E allora partendo da questa dimensione tutta politica non è escluso che questo partito in fieri a un certo punto possa spiccare il volo.
Di certo, il libro che ho scritto con Ainis tocca i punti fondamentali della mia politica, perché abbiamo analizzato i 12 articoli fondamentali della Costituzione, quelli che riguardano i diritti inalienabili, e ci siamo sforzati di dare la nostra lettura personale. Ne è venuta fuori da una parte l’idea di Ainis che la Costituzione sia bella e piena di intuizioni che resistono al tempo, dall’altra la mia interpretazione che la Costituzione sia come un monumento che deve essere restaurato, ma – come ogni buon restauro – in maniera tale che non si veda l’intervento. Quindi non deve essere trasformata o ricostruita, c’è solo bisogno di qualche ritocco, ed è pericolosissimo lasciarla a mani inesperte come quelle dei parlamentari che hanno fatto la precedente riforma. In considerazione di questo “monumento”, abbiamo commentato gli articoli con riferimento a quello che essi dicono, lasciandoli resistenti nel tempo, oltre le mode. Quest’epoca svuota di contenuto i valori tradizionali, tenta di significare ciò che non è significabile, fa diventare necessità ciò che in realtà non lo è. Oggi viviamo una crisi profonda di visioni del mondo, le mode si insinuano e contaminano i valori fondamentali, che dovrebbero essere indefettibili in una società.

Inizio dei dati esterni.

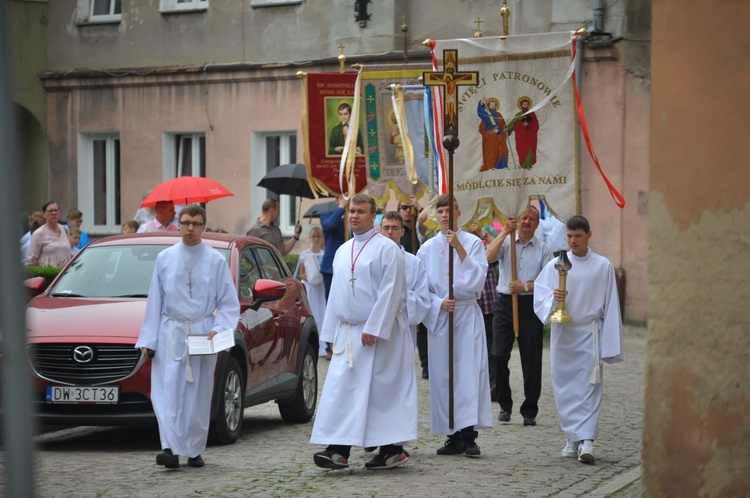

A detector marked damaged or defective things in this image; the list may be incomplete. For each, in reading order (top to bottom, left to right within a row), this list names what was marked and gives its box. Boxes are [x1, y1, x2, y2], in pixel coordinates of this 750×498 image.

peeling plaster wall [648, 1, 750, 496]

In questo libro, ho cercato di affermare esattamente l’opposto di questa tendenza odierna, ovvero il principio che la Bellezza è un valore ancora più costituzionale della Costituzione stessa. E’ un dato che appartiene alla percezione del rapporto che l’uomo ha con tutto ciò che lo circonda. Quale valore più universale di un dipinto, o di un monumento di una città? La Bellezza unifica perché riguarda un atteggiamento di tutela che ci rende tutti titolari dei patrimoni artistici. Un monumento come il Castello Ursino non è soltanto del Comune ma di tutta la città. E questa percezione è sempre più forte.

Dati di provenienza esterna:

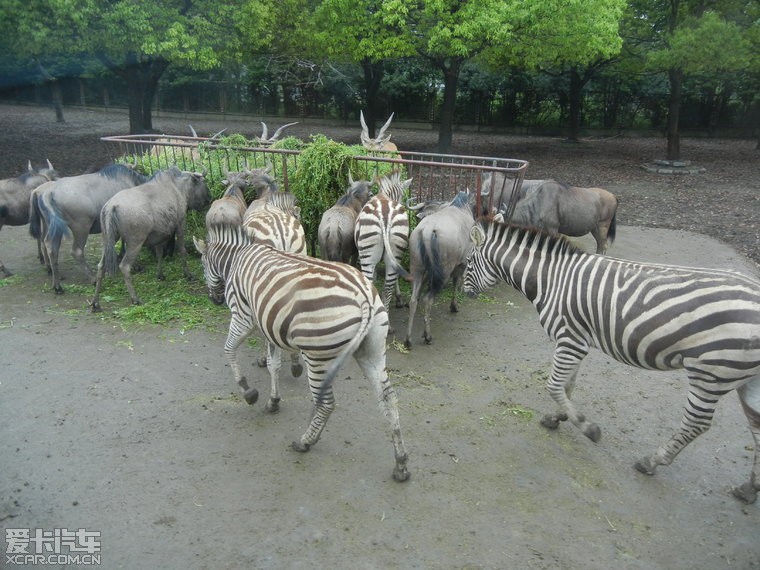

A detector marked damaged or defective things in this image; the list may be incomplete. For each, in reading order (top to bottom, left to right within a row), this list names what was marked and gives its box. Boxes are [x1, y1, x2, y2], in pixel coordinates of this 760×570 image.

rusty metal rail [101, 133, 528, 213]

Allora, la crisi dove sta? Mentre da una parte abbiamo delle leggi che vengono fatte sulla scia di urgenze veniali, di finte necessità in favore di mode che le stimolano e che lasciano il tempo che trovano, dall’altra parte abbiamo un cedimento dei valori importanti che sono percepiti in modo molto debole e che invece dovrebbero rimanere ben saldi nel tempo. Dobbiamo reagire ad esempio al fatto che nelle scuole non si insegni più obbligatoriamente né musica, né arte; questa è una cosa abbastanza inquietante. Si insegna la letteratura italiana che è pure importante, ma che oltre Chiasso nessuno conosce. In compenso Rossini, Puccini, Verdi, Monteverdi, sono conosciuti nel mondo ma non dagli italiani che non li studiano a scuola. Lo stesso dicasi per gli artisti italiani, che valgono un’ora di Storia dell’Arte in qualche liceo che non ha nessuna forma di obbligatorietà. Quindi il nostro rapporto con l’arte, già a partire dalle istituzioni scolastiche si è di molto distanziato, creando una disaffezione, uno scollamento di questo rapporto con il patrimonio.
Questo rapporto invece oggi si sta via via riscoprendo perché molte persone in età matura cominciano a meditare su quello che non gli è stato insegnato e ad avvertire il bisogno di colmare quelle lacune. Quindi c’è più attenzione per i luoghi monumentali, per le città d’arte, per i musei. Le opere d’arte conservano ancora per fortuna la libertà di non essere imposte, perché ognuno di noi le conquisti nel suo desiderio. Tutto quello che non ci è stato insegnato diventa ragione di un’opzione libera che non ha un imperativo, ma un sentimento, un’appartenenza. L’arte è qualcosa che ha a che fare con l’amore, e sembrano cadere a pennello le parole di un libro di Andrej Tarkovskij, dal titolo Scolpire il tempo: “L’arte esprime tutto ciò che vi è di migliore nell’uomo: la Speranza, la Fede, la Carità, la Bellezza, la Preghiera … ossia ciò che egli sogna, ciò che egli spera. Quando un uomo che non sa nuotare viene gettato in acqua non è lui ma è il suo corpo che comincia a compiere movimenti istintivi nel tentativo di salvarsi. Anche l’arte è come un corpo umano che viene gettato nell’acqua; è per così dire l’istinto dell’umanità di non affogare in senso spirituale.”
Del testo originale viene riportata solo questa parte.